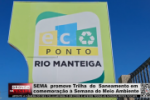 SEMA promove Trilha do Saneamento em comemoração à Semana do Meio Ambiente – Vídeo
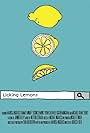 Licking Lemons (2014)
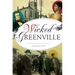 Wicked Greenville
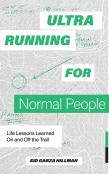 Ultrarunning For Normal People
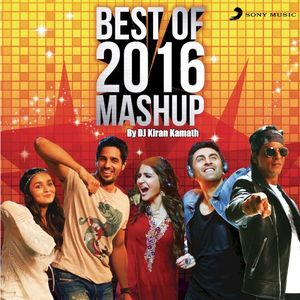 Best of 2016 Mashup (By DJ Kiran Kamath) (Single)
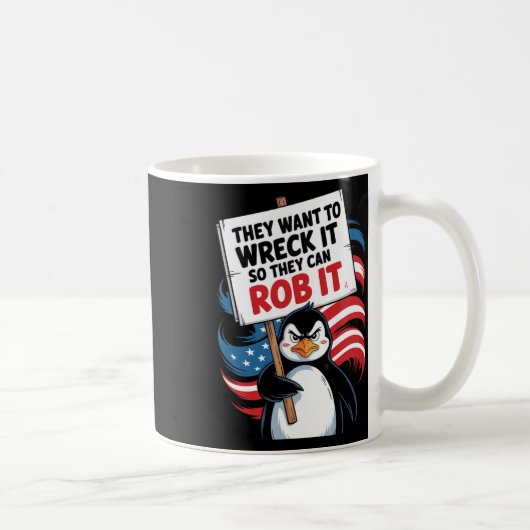 They Want To Wreck It So They Can Rob It Anti Trum コーヒーマグカップ (右)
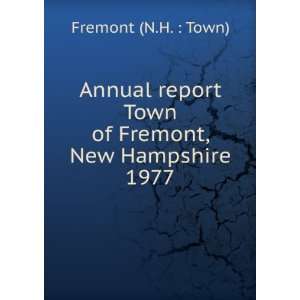   Town of Haverhill, New Hampshire. 1977 Haverhill (N.H.  Town) Books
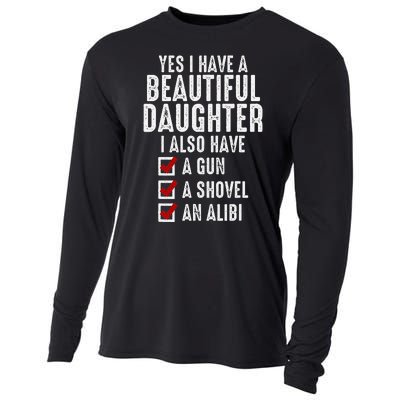 Yes I Have A Beautiful Daughters Sarcastic Dad Gifts Cooling Performance Long Sleeve Crew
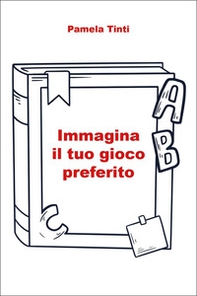 Immagina il tuo gioco preferito - Librerie.coop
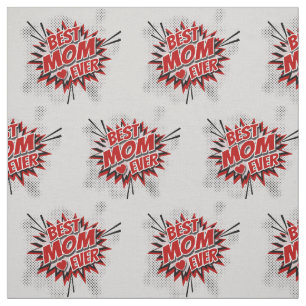 Best Mum Ever Fabric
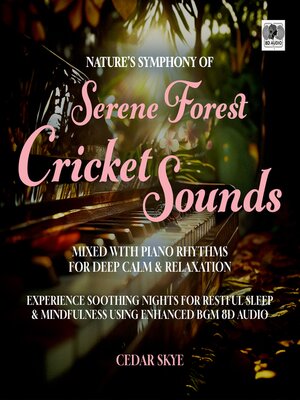 cover image of Nature's Symphony of Serene Forest Cricket Sounds Mixed With Piano Rhythms For Deep Calm & Relaxation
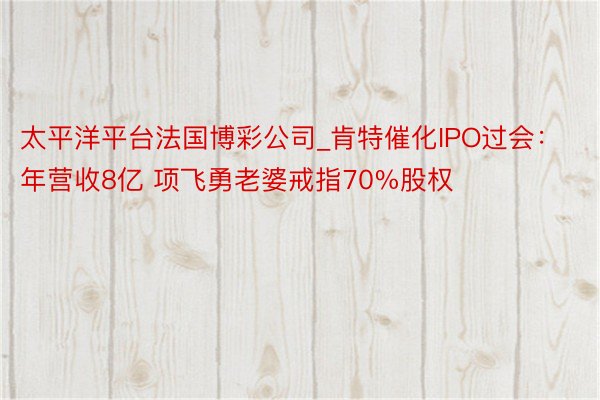 太平洋平台法国博彩公司_肯特催化IPO过会：年营收8亿 项飞勇老婆戒指70%股权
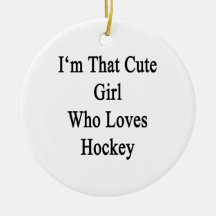 I'm That Cute Girl Who Loves Hockey Christmas Ornament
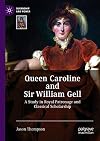 Queen Caroline and Sir William Gell A Study in Royal Patronage and Classical Scholarship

★ ★ ★ ★ ★ ★ ★

_TASK DESCRIPTION_
Transcribe each line of the material above verbatim, but do not include the images.

_SOLUTION_
 SEMA promove Trilha do Saneamento em comemoração à Semana do Meio Ambiente – Vídeo
 Licking Lemons (2014)
 Wicked Greenville
 Ultrarunning For Normal People
 Best of 2016 Mashup (By DJ Kiran Kamath) (Single)
 They Want To Wreck It So They Can Rob It Anti Trum コーヒーマグカップ (右)
   Town of Haverhill, New Hampshire. 1977 Haverhill (N.H.  Town) Books
 Yes I Have A Beautiful Daughters Sarcastic Dad Gifts Cooling Performance Long Sleeve Crew
 Immagina il tuo gioco preferito - Librerie.coop
 Best Mum Ever Fabric
 cover image of Nature's Symphony of Serene Forest Cricket Sounds Mixed With Piano Rhythms For Deep Calm & Relaxation
 太平洋平台法国博彩公司_肯特催化IPO过会：年营收8亿 项飞勇老婆戒指70%股权
 I'm That Cute Girl Who Loves Hockey Christmas Ornament
 Queen Caroline and Sir William Gell A Study in Royal Patronage and Classical Scholarship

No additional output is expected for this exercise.